200-Year-Old Insurrection Provides Author Greatest Personal Challenge in Writing Career
June 1797 saw the end of one of the most extraordinary events in English history - the Mutiny at the Nore. Author Julian Stockwin faced his greatest personal challenge when he chose this insurrection as the subject of his latest book.
(PRWEB) May 5, 2004 -- June 1797 saw the end of one of the most extraordinary events in English history -- the Mutiny at the Nore. Author Julian Stockwin faced his greatest personal challenge when he chose this insurrection as the subject of his latest book.

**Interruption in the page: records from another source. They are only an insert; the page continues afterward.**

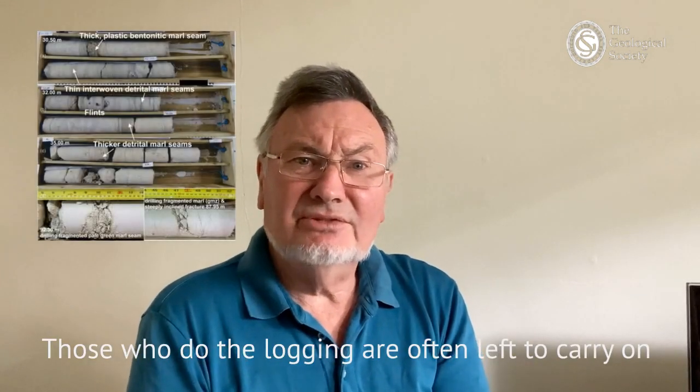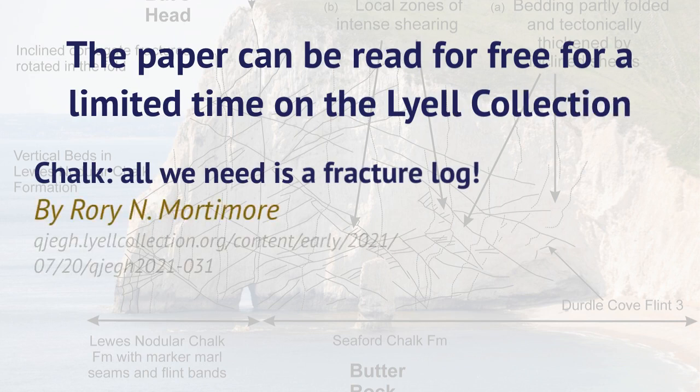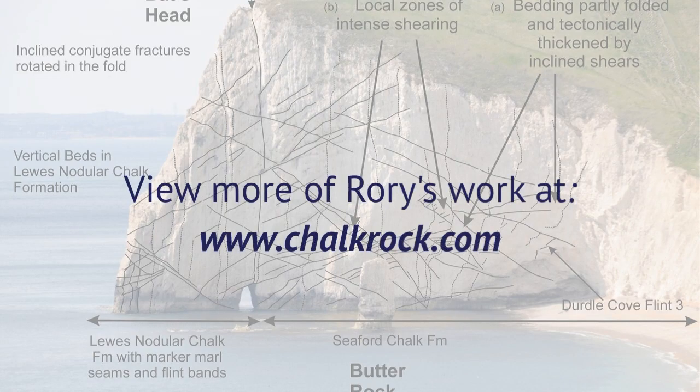My concern has always been that those who do the logging are often left to carry on doing the work without the necessary support or without fully understanding the origins of the fractures. They are geoscientists and they love to know how their work fits into a broader picture, both in terms of the engineering project they're involved with and in terms of the broader geoscience. So I hope you will enjoy reading this paper and it will help you with your logging in the future. Thank you.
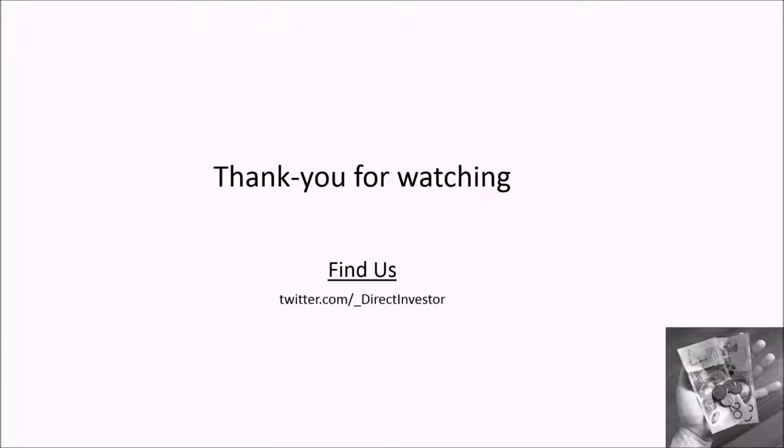I'm the Direct Investor. Thanks for watching our video. You can always find us on Twitter at underscore direct investor.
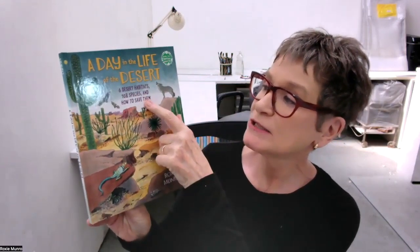So here's A Day in the Life of the Desert — six desert habitats, a hundred and eight species, and how to save them. I'm going to read you a little from the introduction, then we're going to look at some art and talk about what's in the book.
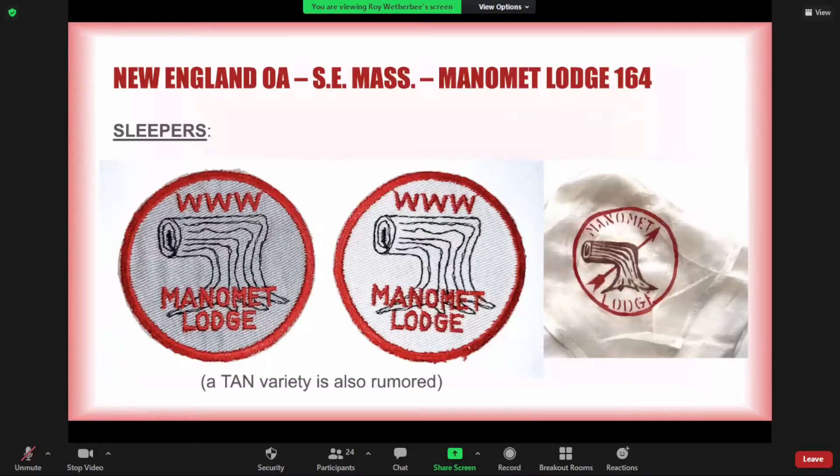Moving north, Manamit Lodge around Plymouth, Massachusetts has an R1 with a gray border, but also a very rare white background version — and a tan variety is also rumored. I've seen a couple of tan ones over the years but never a mint one, so I don't trust the color. If anyone ever sees a mint condition tan Manamit round, I'd be very interested. The neckerchief on the far right was just discovered a couple of years ago when a collection was donated to the museum at Camp Squanto — it had never been seen before but obviously dates to the same era as these rounds.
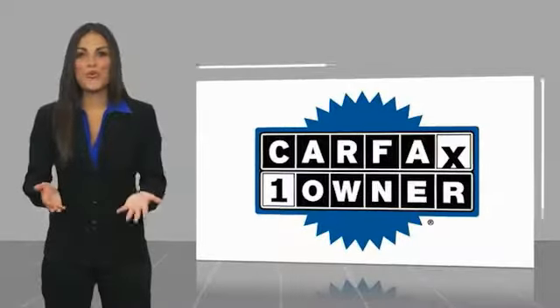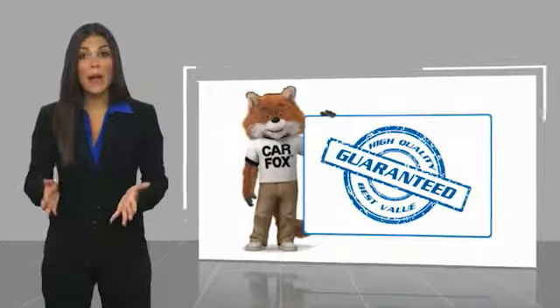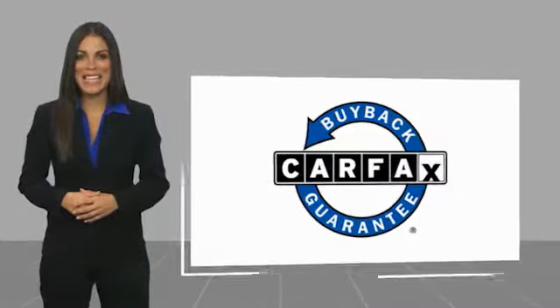This is a one-owner vehicle with a Carfax vehicle history report. Be sure to find a complimentary copy of this report online or contact the dealership. This vehicle qualifies for the Carfax buyback guarantee.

Stockwin, who saw service in the Royal Navy, both as a seaman, and as an officer, says his sympathies were torn - but he knew he had to come to his own personal stand before he could begin writing.

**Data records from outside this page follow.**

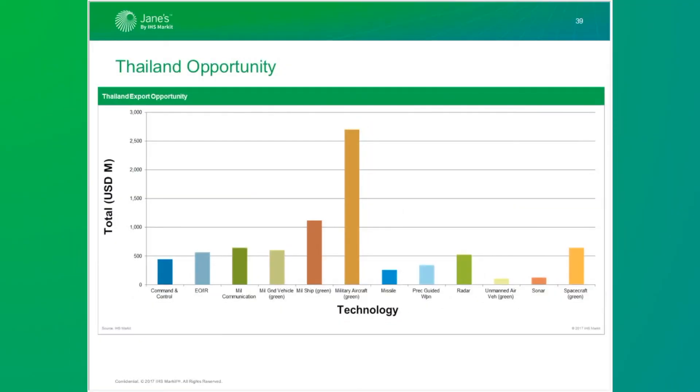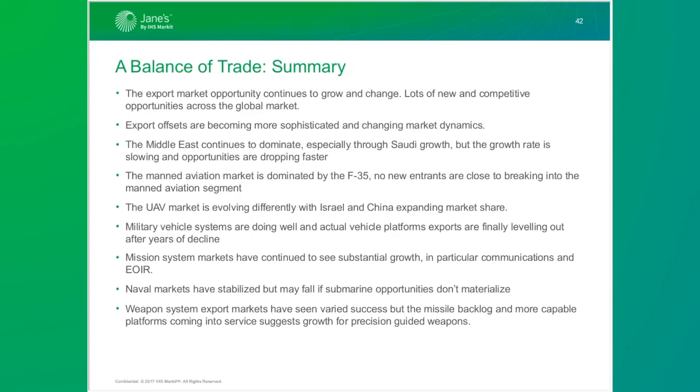Going forward, I think Bangladesh will buy more western equipment — Bangladesh is much richer than in previous years — particularly helicopters, combat net radios, satellites, and fighters. Thailand will be looking to the west, not to Russia or China, because those countries cannot supply the quality Thailand needs in areas it can actually afford. The Middle East obviously continues to dominate, especially through Saudi growth, but the growth rate is dropping and opportunities are dropping even faster — that could be a defining trend, especially as more money goes into operations.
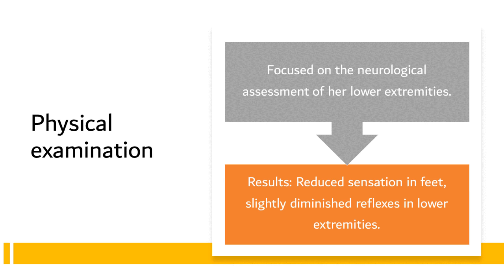This diminished sensitivity was more pronounced in the soles of her feet. It's essential to note that the feet, particularly the soles, contain a high density of nerve endings, making them highly susceptible to changes in neurological conditions. Furthermore, upon checking the reflexes in her lower extremities, we observed a slight reduction. A decline in reflex responses, though subtle in this case, can often indicate potential issues in nerve function. Reflexes are an integral part of the body's neurological framework, and any alterations to their normal functioning can be indicative of underlying neurological disorders.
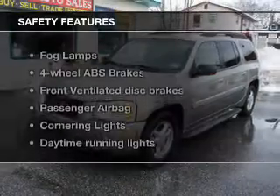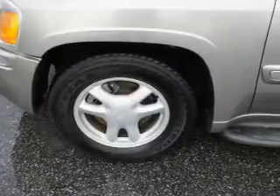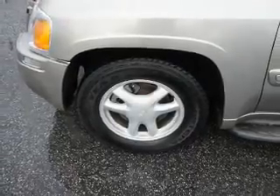If safety is a high priority, rest assured knowing that these top safety components are included: front ventilated disc brakes, passenger airbag, daytime running lights, and independent suspension. Call today to schedule a test drive.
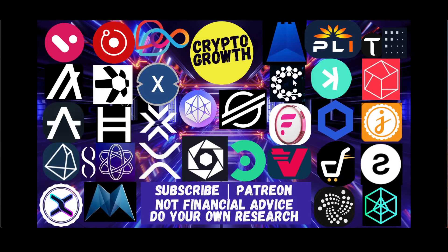Hey Crypto Growth fam, how's it going? This is your host Shazay signing in. We're back with another video. In this video we will be discussing XDC Network: Unlocking Enterprise Innovation. It's going to be an interesting one.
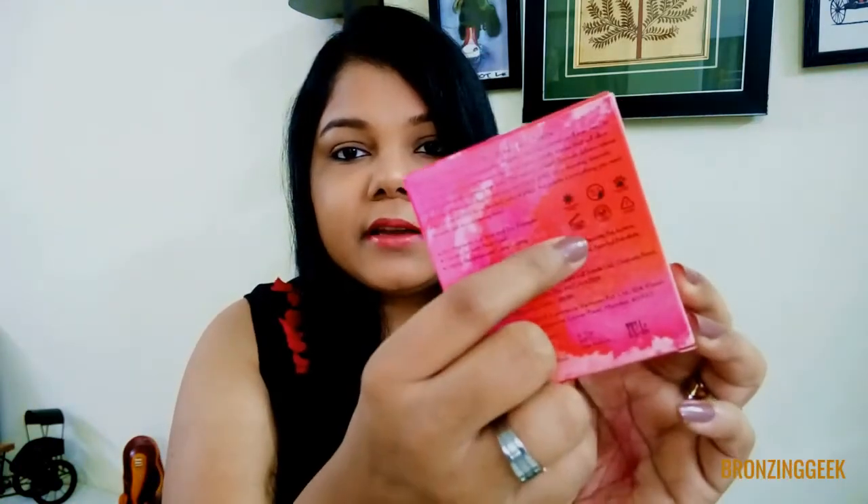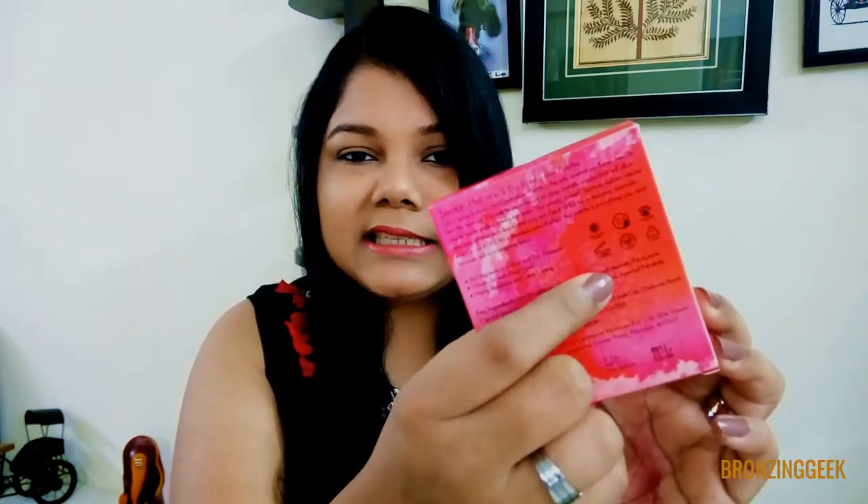But on the palette itself, they have mentioned 18 months as the period after opening. I feel this sign also represents the expiry of the product but I don't know why these two don't match with each other. If you have any idea on it, do enlighten me and let me know.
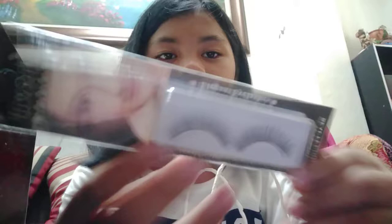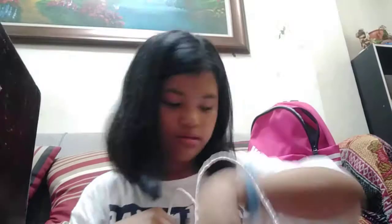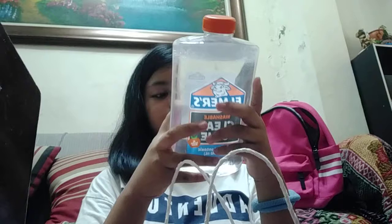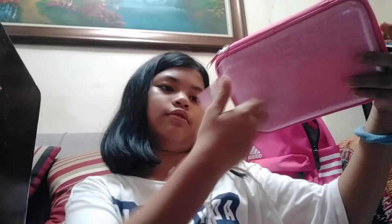I got the fake eyelashes for Buwan ng Wika on Tuesday. They are so pretty and big — I love fake eyelashes! The price of this is 468, and this one is 349. So that's all, guys — bye, see you in the next video!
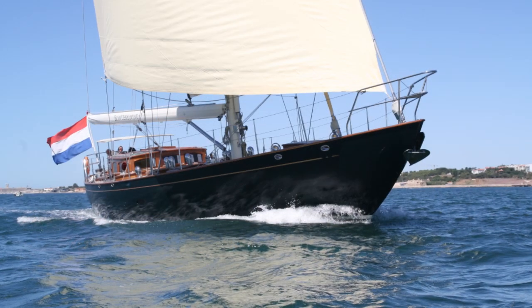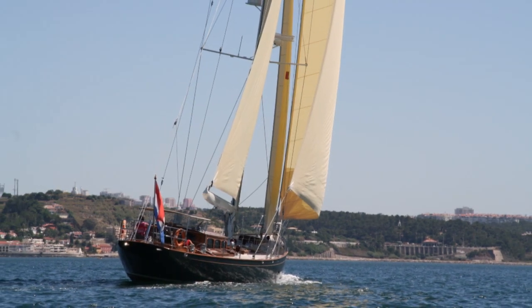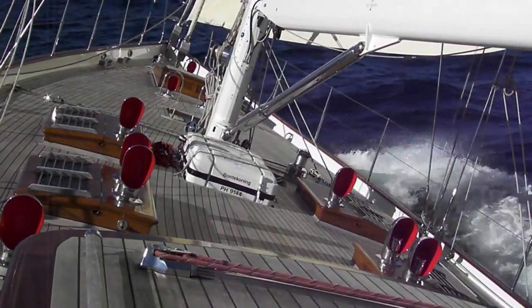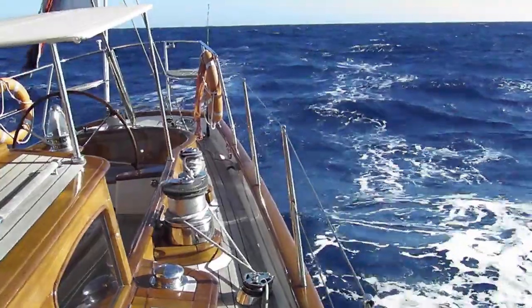The Bontekoning is a hook design, 78 feet, and for sale at Sea Independent. This truly classic vessel is a true beauty, not to mention all the comfort and luxury as well as up-to-date sailing facilities.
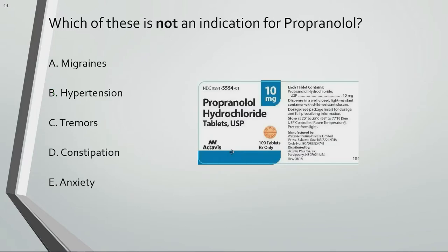Which of these is not an indication for propranolol? Constipation is not an indication for propranolol.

The sailors had serious grievances - but this was also a time when Englands future hung in the balance under threat from the French and the Dutch. My central character Tom Kydd is not my alter ego, but I do see myself in him in many ways," Stockwin says.

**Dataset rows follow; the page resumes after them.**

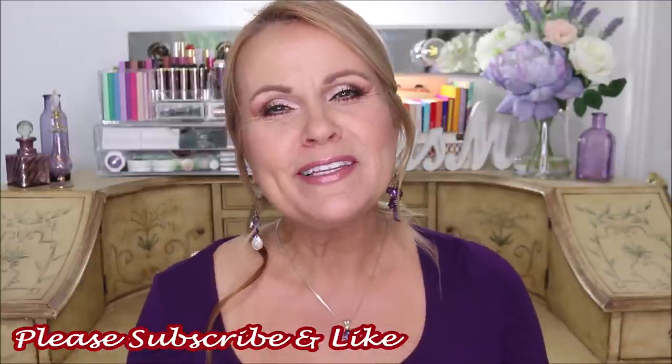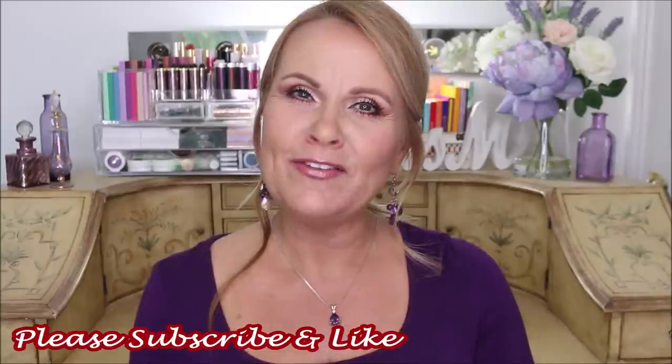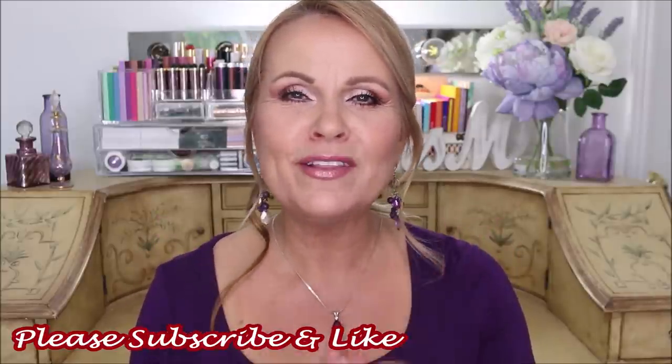It's that time again — monthly favorites! I love doing these videos because I get to share the best of what I've been trying for the month and talk about things I've been reaching for over and over again. If you're new to my channel, please consider subscribing. And if you wouldn't mind giving me a thumbs up, that really helps my video reach more people. Let's get into my May monthly favorites for 2020.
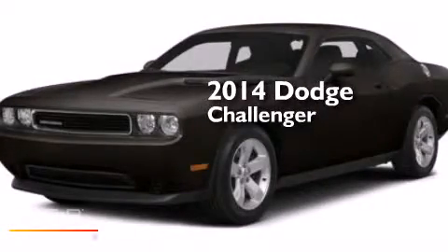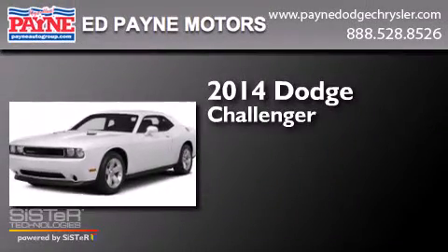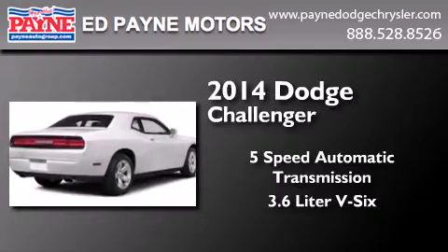This is a brand new 2014 Dodge Challenger. This coupe has a 5-speed automatic transmission and a 3.6-liter V6.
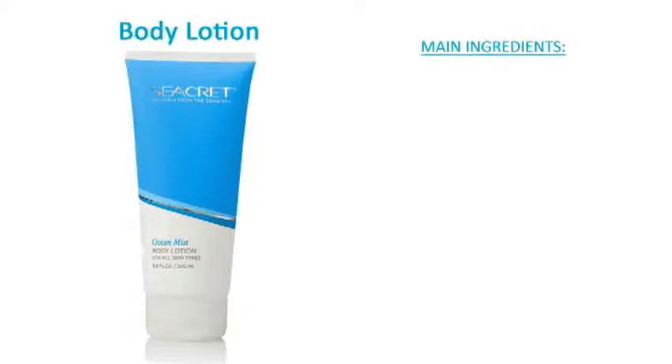Secrets Body Lotion is a hydrating balm that replenishes the skin's hydration to its optimum level and leaves the skin supple, silky, soft and radiant all day. Suitable for all skin types, the body lotion can be used daily.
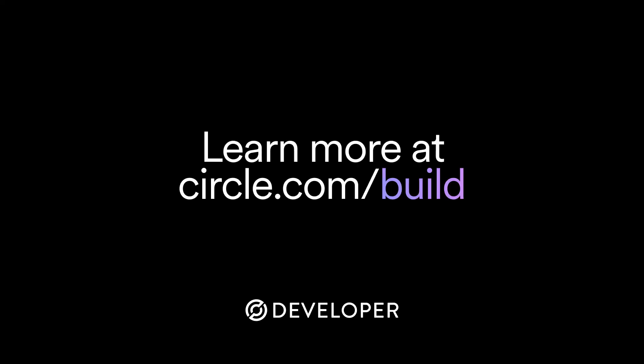Thank you everybody for listening. We'll put all the information for GLOW in the description. If you've got questions or feedback, definitely put it in the comments. Thanks for joining us for this episode of the Circle Builder Series. Check out the show notes for links to any resources mentioned, and if you enjoyed the show, please leave us a five-star review and hit subscribe so you never miss an episode.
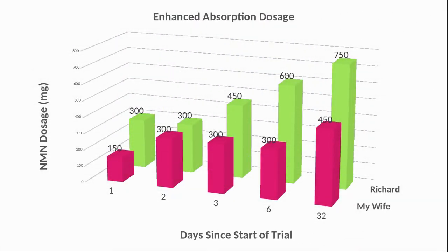We have now started our trial using ProHealth Enhanced Absorption Capsules. Following the same pattern, my wife started on 150mg and I started on 300mg. She is now on 450mg and I am on 750mg. For our anecdotal feelings, although we have positive experience with all formats of NMN that we have used, my wife and I both agree that the enhanced absorption seems to work best for us — we feel just as energetic, clear-minded, and focused even with a smaller dose.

Stockwin found material aplenty on the famous historic personae for his writers pen: the mutiny ringleader, flamboyant former officer Richard Parker; Admiral Black Dick" Howe, veteran of the Glorious First of June battle; Prime Minister Pitt, pushed to the edge by events.
But the records hold little of the thoughts and feelings of the men themselves. Most eighteenth- century sailors were illiterate and letters from those who could write are very rare. Stockwin knew his central character, Tom Kydd, would find himself at the heart of things -- and this was the rub. Would he stand for King and Country and thus betray his messmates -- or side with the mutineers? If he raised the Red Flag, his life was surely on the line.
Discontent among sailors at the Nore, a Royal Navy anchorage in the Thames Estuary, just a dozen miles from London, burst into mutiny in May 1797. A previous rising at Spithead had been settled peacefully with a Royal Pardon and some gains for the mutineers. The mutiny at the Nore was potentially more serious as the mutineers went beyond the demands made at Spithead.
When they attempted to blockade the Thames, the country was effectively held to ransom.
Mutiny", the fourth book in Julian Stockwins series of historical naval adventure fiction, is published in the US in June by Scribner.